═════ Exercise data ═════

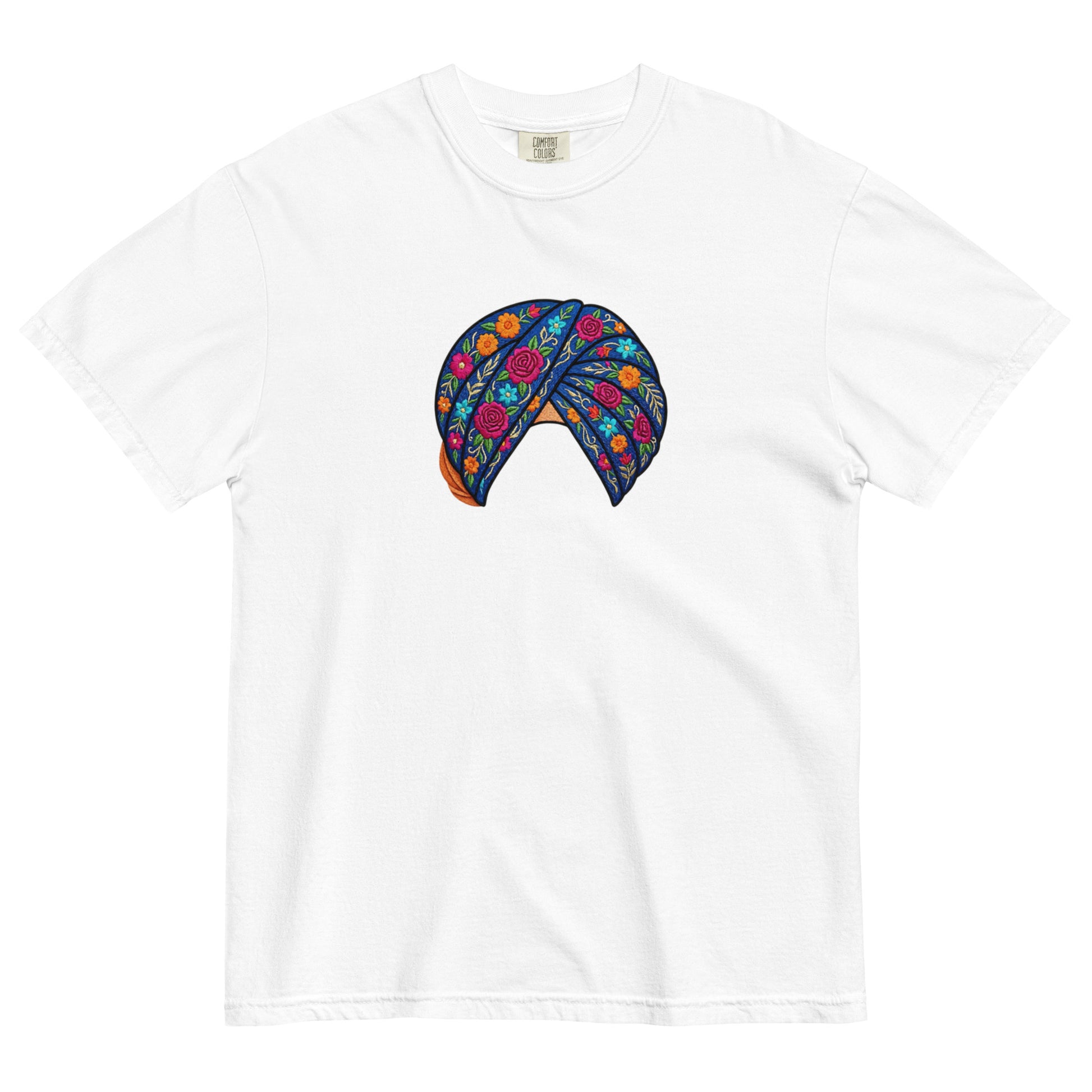 Front view of pagri print graphic tee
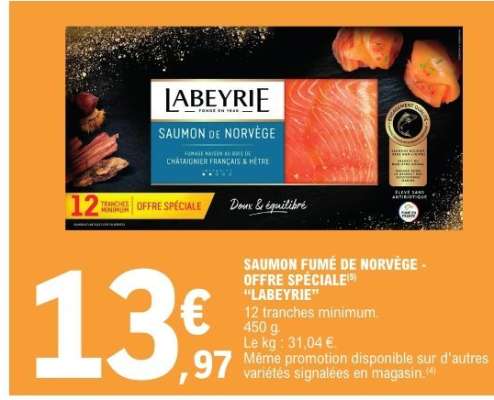 SAUMON FUMÉ DE NORVÈGE - OFFRE SPÉCIALE LABEYRIE
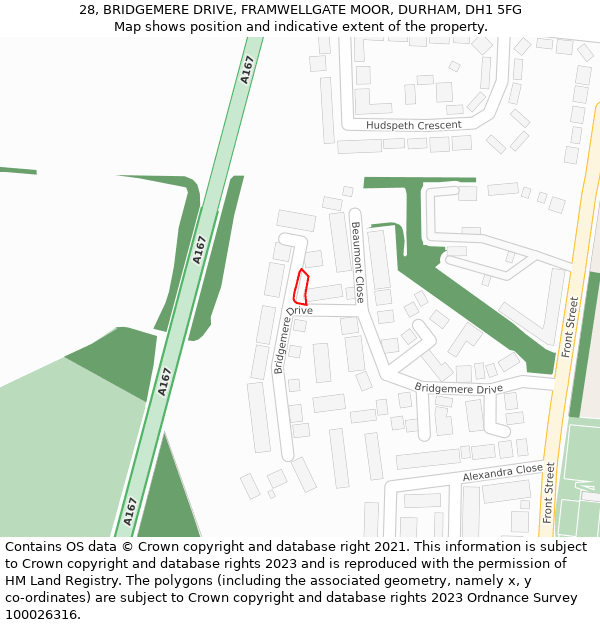 28, BRIDGEMERE DRIVE, FRAMWELLGATE MOOR, DURHAM, DH1 5FG: Location map and indicative extent of plot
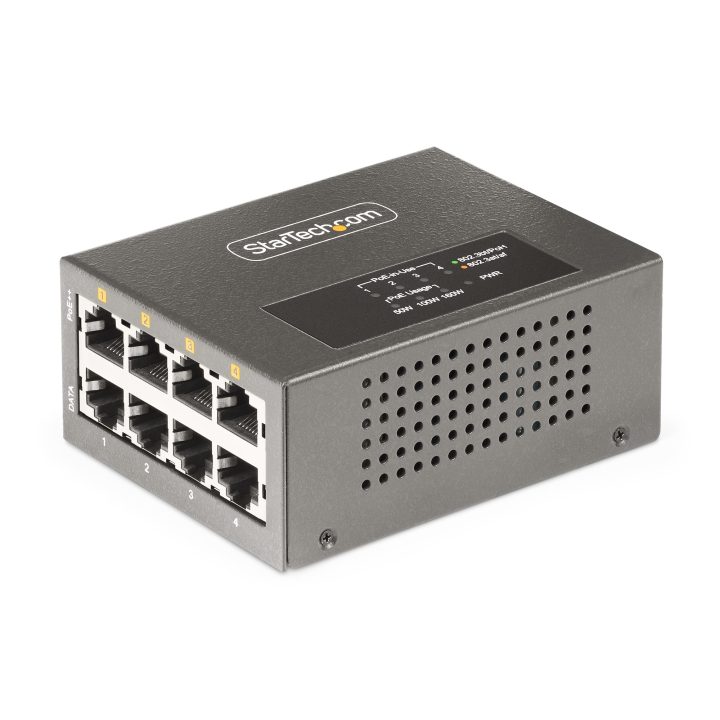 StarTech.com Switch PoE / PoE+ / PoE++ 802.3af/802.3at/802.3bt de 4…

═════

**Prompt:** The answer should consist solely of the lines from the one containing "SAUMON FUMÉ DE" through the last line of the material, copied exactly, with pictures left out.

**Problem solution:**
 SAUMON FUMÉ DE NORVÈGE - OFFRE SPÉCIALE LABEYRIE
 28, BRIDGEMERE DRIVE, FRAMWELLGATE MOOR, DURHAM, DH1 5FG: Location map and indicative extent of plot
 StarTech.com Switch PoE / PoE+ / PoE++ 802.3af/802.3at/802.3bt de 4…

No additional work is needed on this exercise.